Segment Open

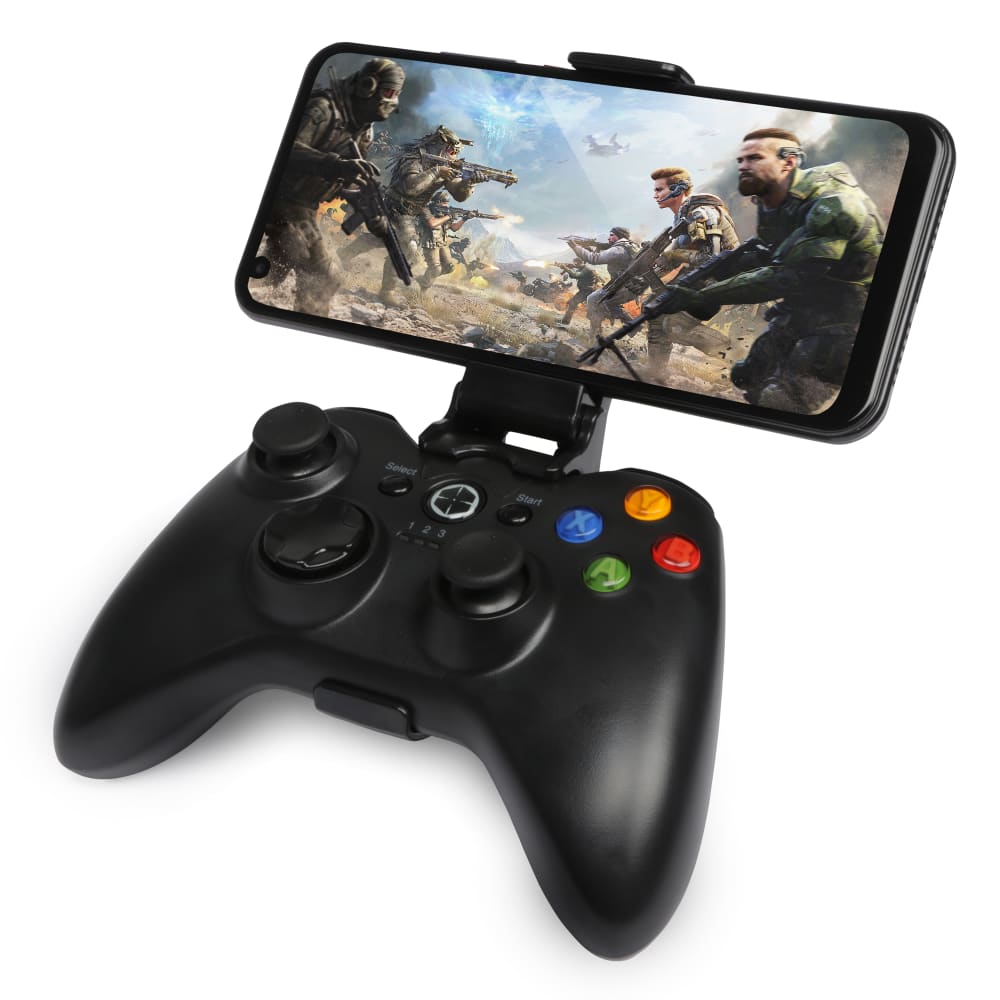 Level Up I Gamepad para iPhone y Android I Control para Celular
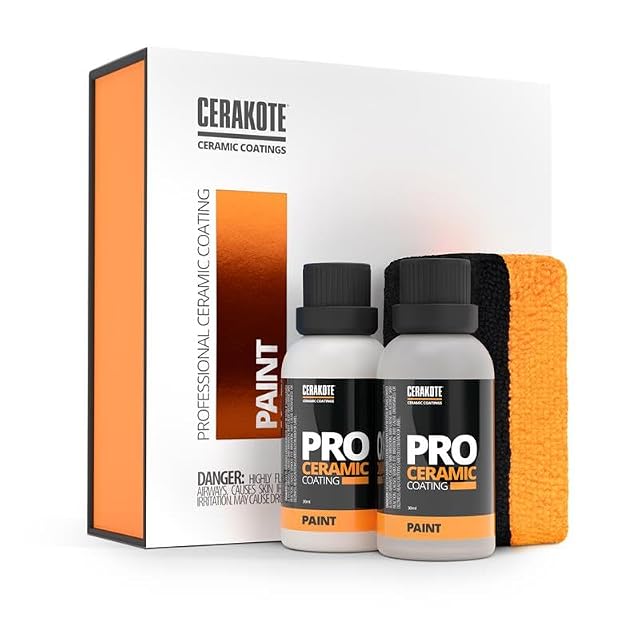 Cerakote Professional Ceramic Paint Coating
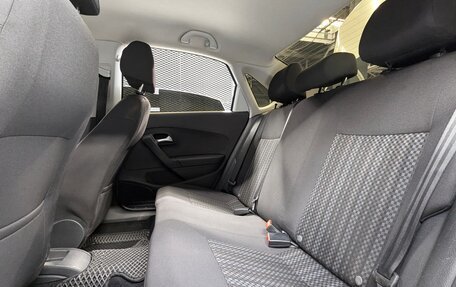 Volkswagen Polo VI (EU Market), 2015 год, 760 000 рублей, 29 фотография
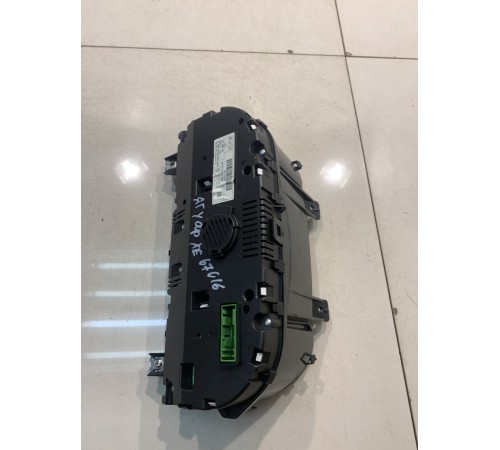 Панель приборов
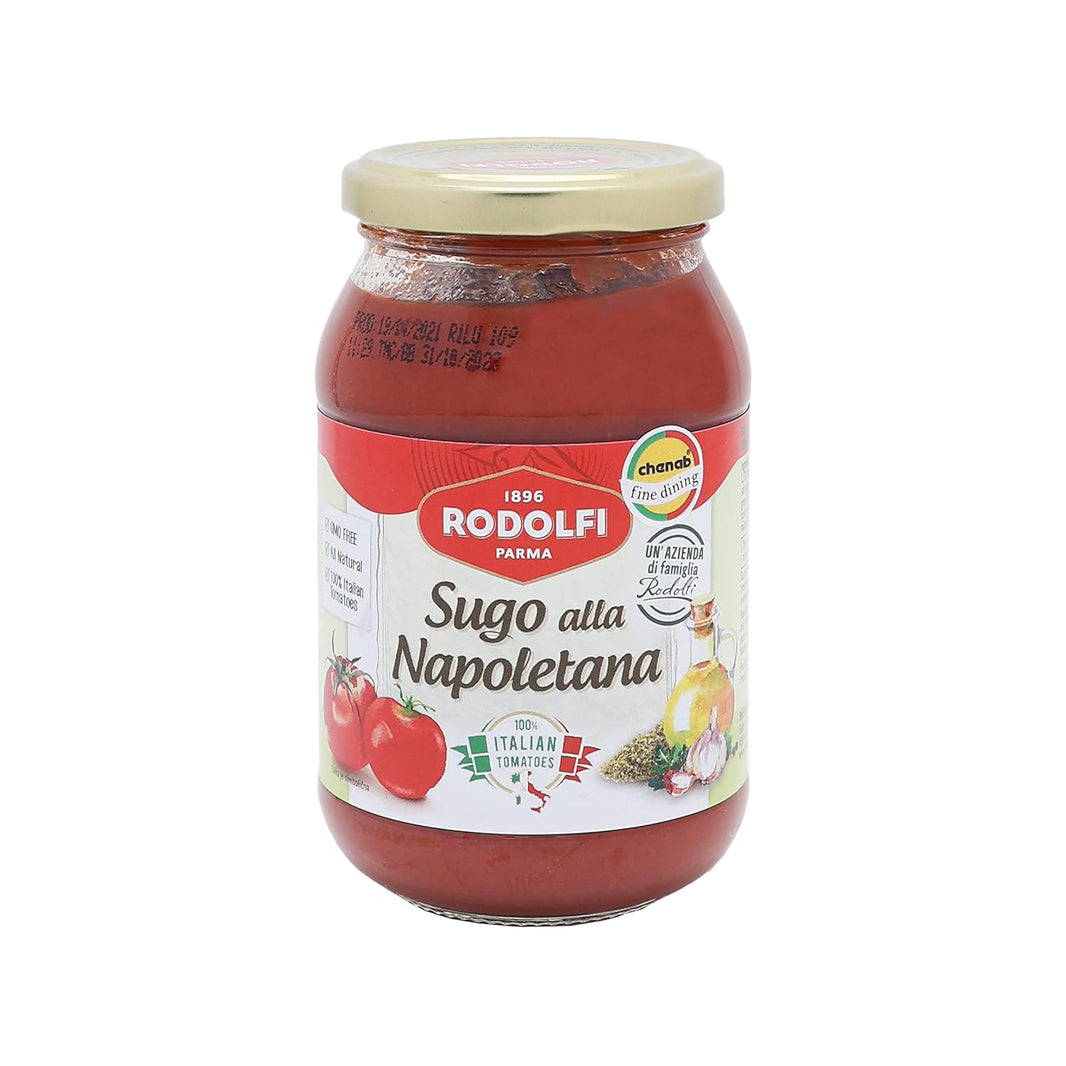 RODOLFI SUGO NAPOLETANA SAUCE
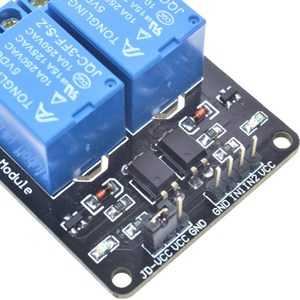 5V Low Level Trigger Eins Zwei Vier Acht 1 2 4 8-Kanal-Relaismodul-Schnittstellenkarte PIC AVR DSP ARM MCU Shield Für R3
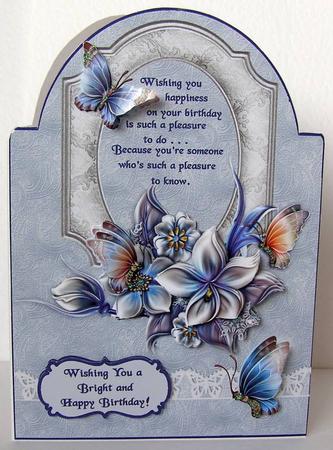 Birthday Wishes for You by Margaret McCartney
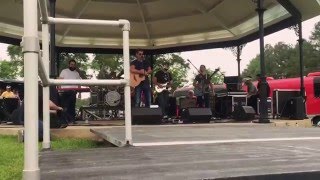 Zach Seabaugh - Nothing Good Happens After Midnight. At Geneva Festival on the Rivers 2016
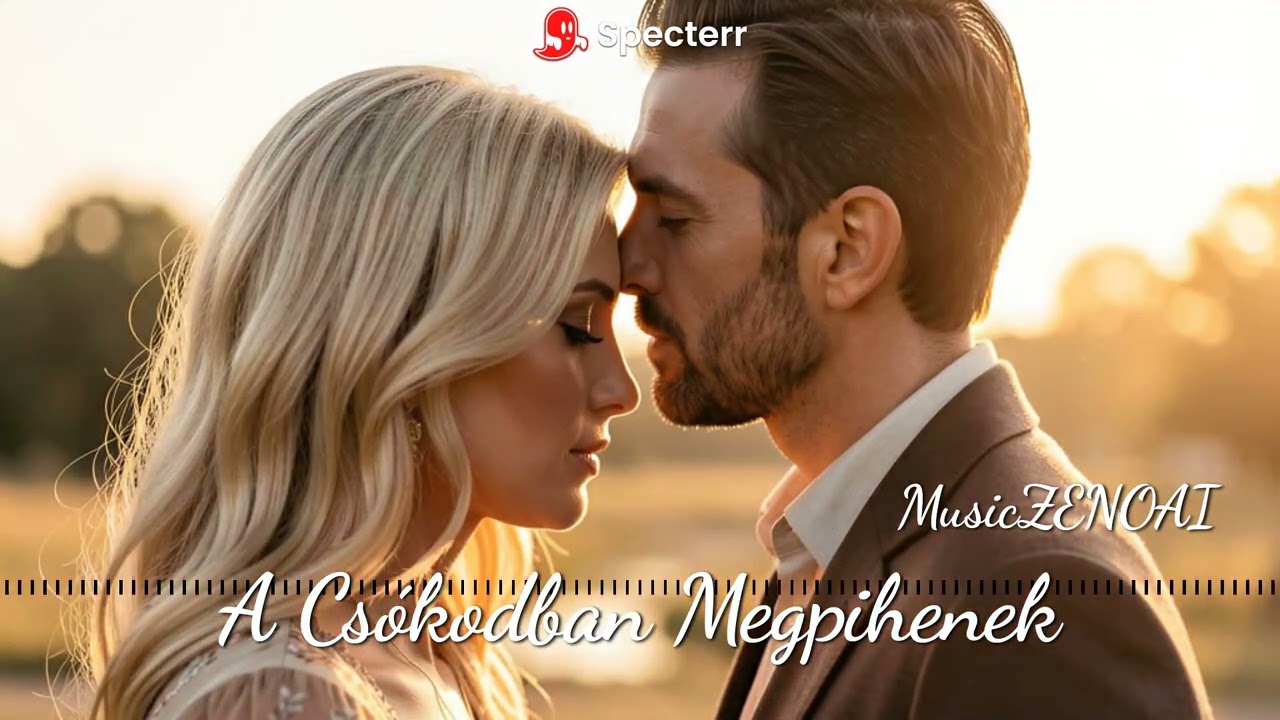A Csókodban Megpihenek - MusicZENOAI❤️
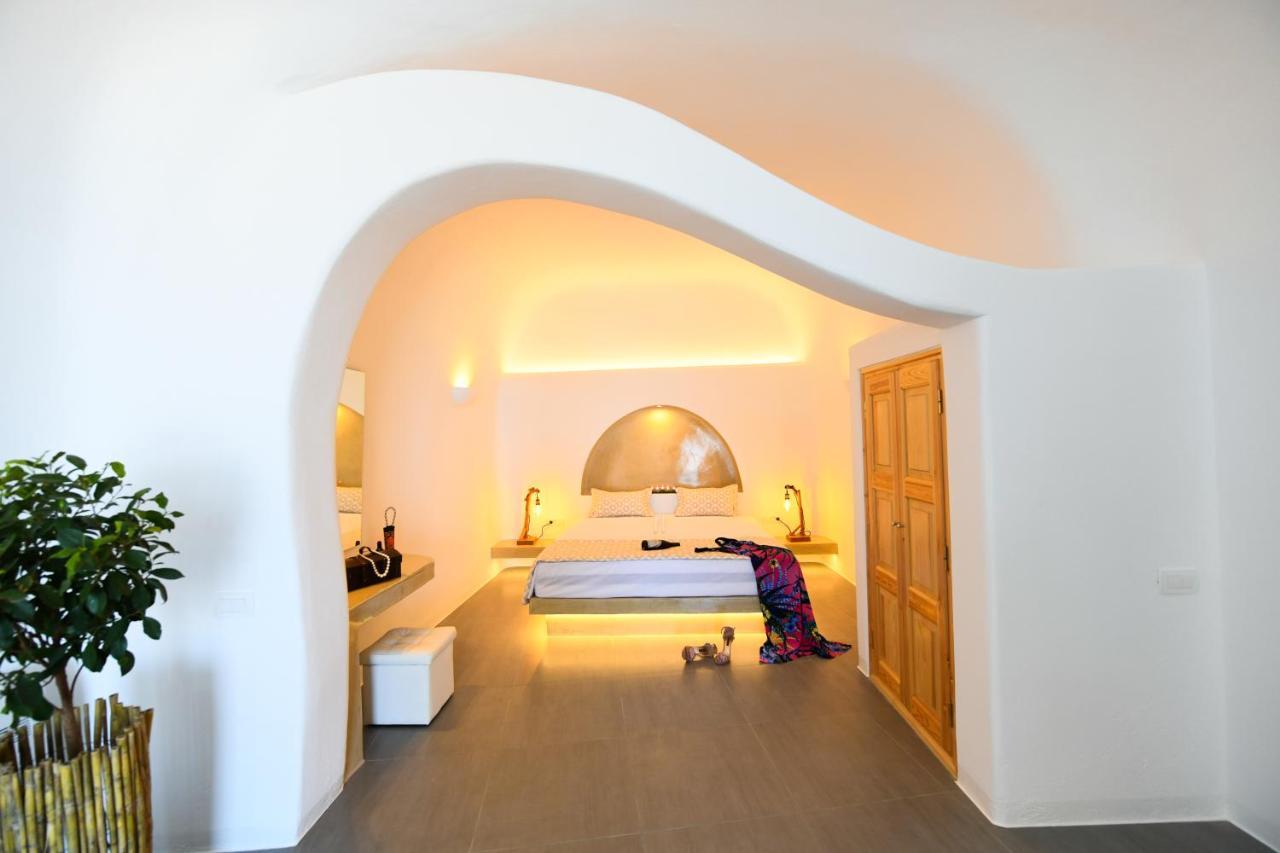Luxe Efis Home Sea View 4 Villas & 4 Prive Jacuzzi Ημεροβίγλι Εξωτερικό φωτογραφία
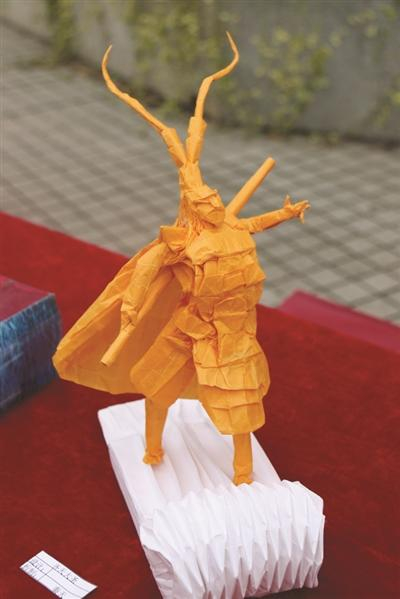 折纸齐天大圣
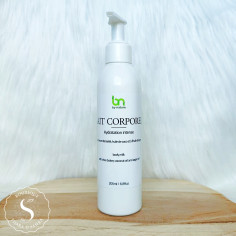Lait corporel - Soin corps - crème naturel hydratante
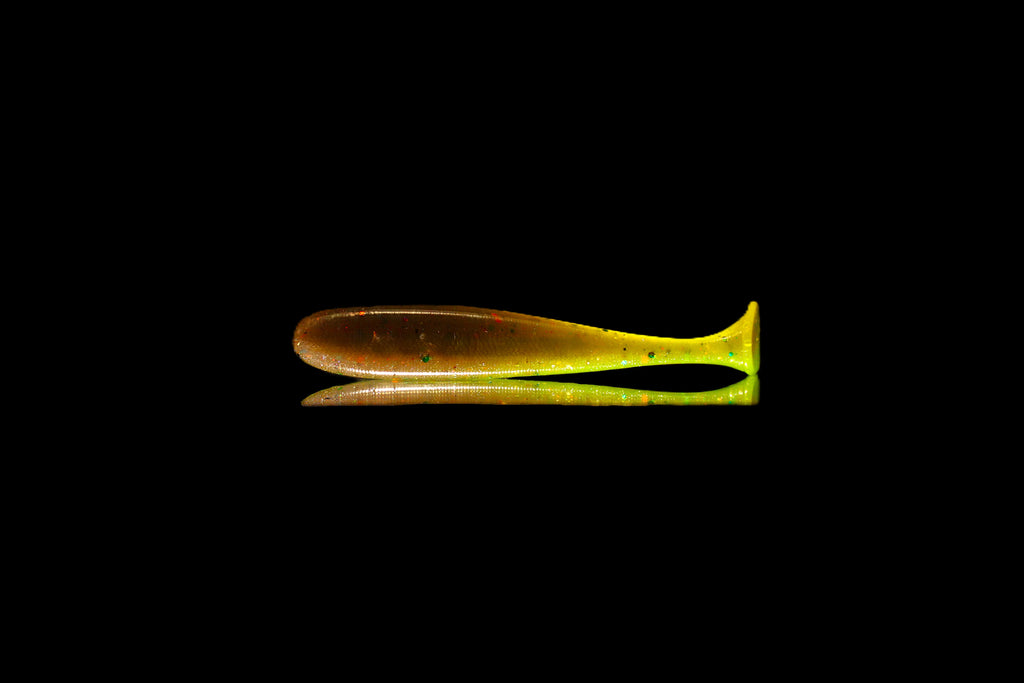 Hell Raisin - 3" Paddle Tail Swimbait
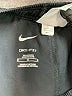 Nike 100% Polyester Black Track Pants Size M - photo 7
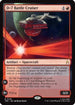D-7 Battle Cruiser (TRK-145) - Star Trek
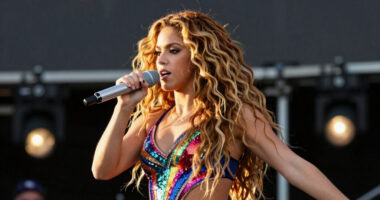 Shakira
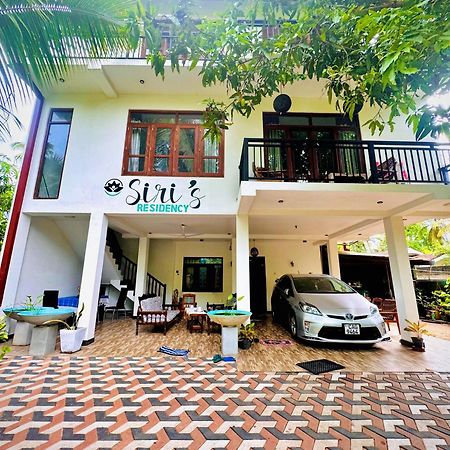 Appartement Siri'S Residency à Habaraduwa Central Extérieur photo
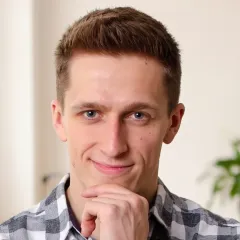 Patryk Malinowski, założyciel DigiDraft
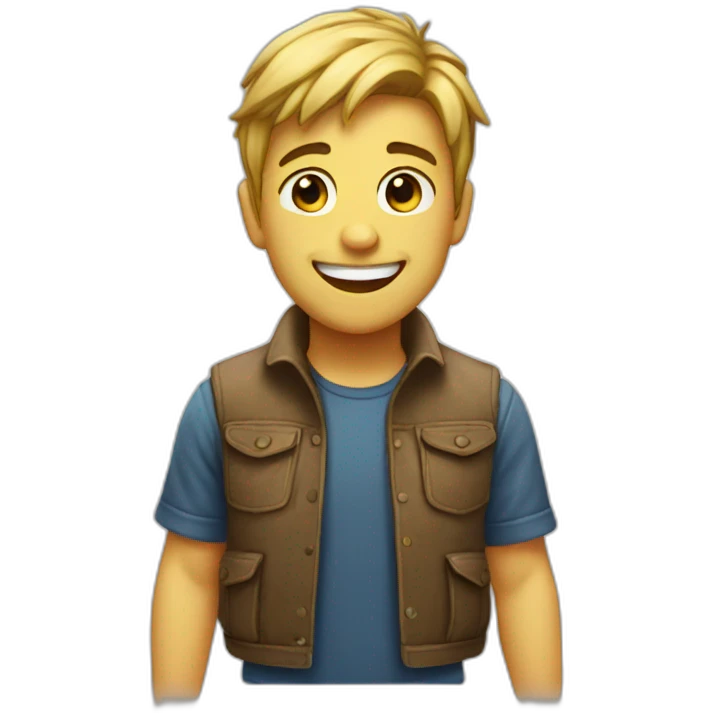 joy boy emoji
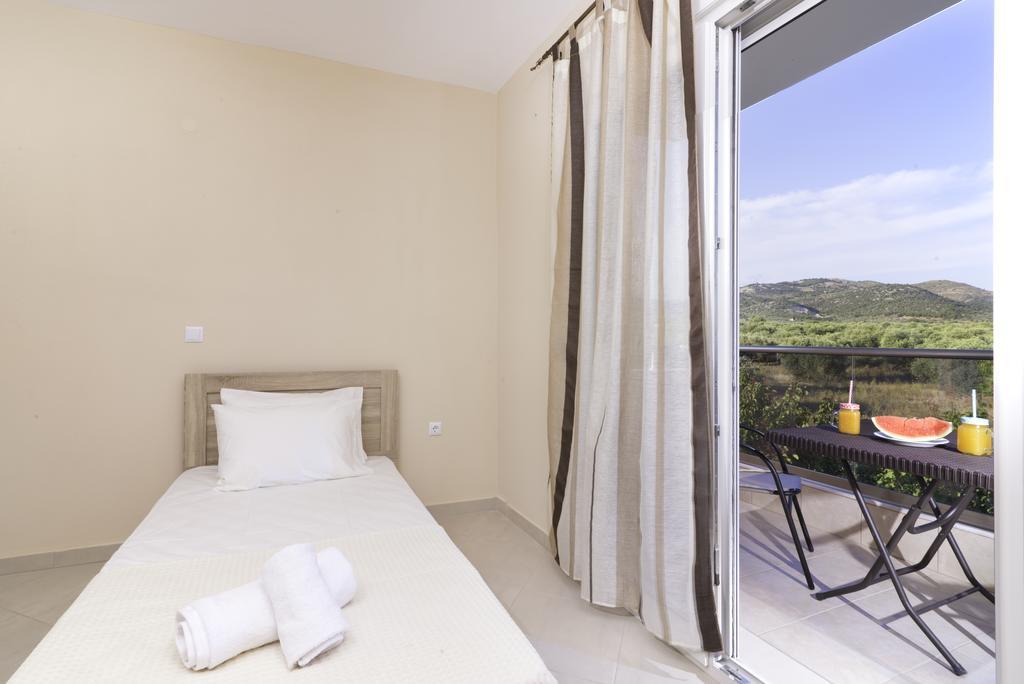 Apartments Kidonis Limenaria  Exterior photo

Segment Closed

- REQUIRED WORK -
Starting at the line that holds "Nike 100% Polyester", repeat every line through the end of the listing exactly as written, skipping any picture.

- ANSWER FOR THE TASK -
 Nike 100% Polyester Black Track Pants Size M - photo 7
D-7 Battle Cruiser (TRK-145) - Star Trek
 Shakira
 Appartement Siri'S Residency à Habaraduwa Central Extérieur photo
 Patryk Malinowski, założyciel DigiDraft
 joy boy emoji
 Apartments Kidonis Limenaria  Exterior photo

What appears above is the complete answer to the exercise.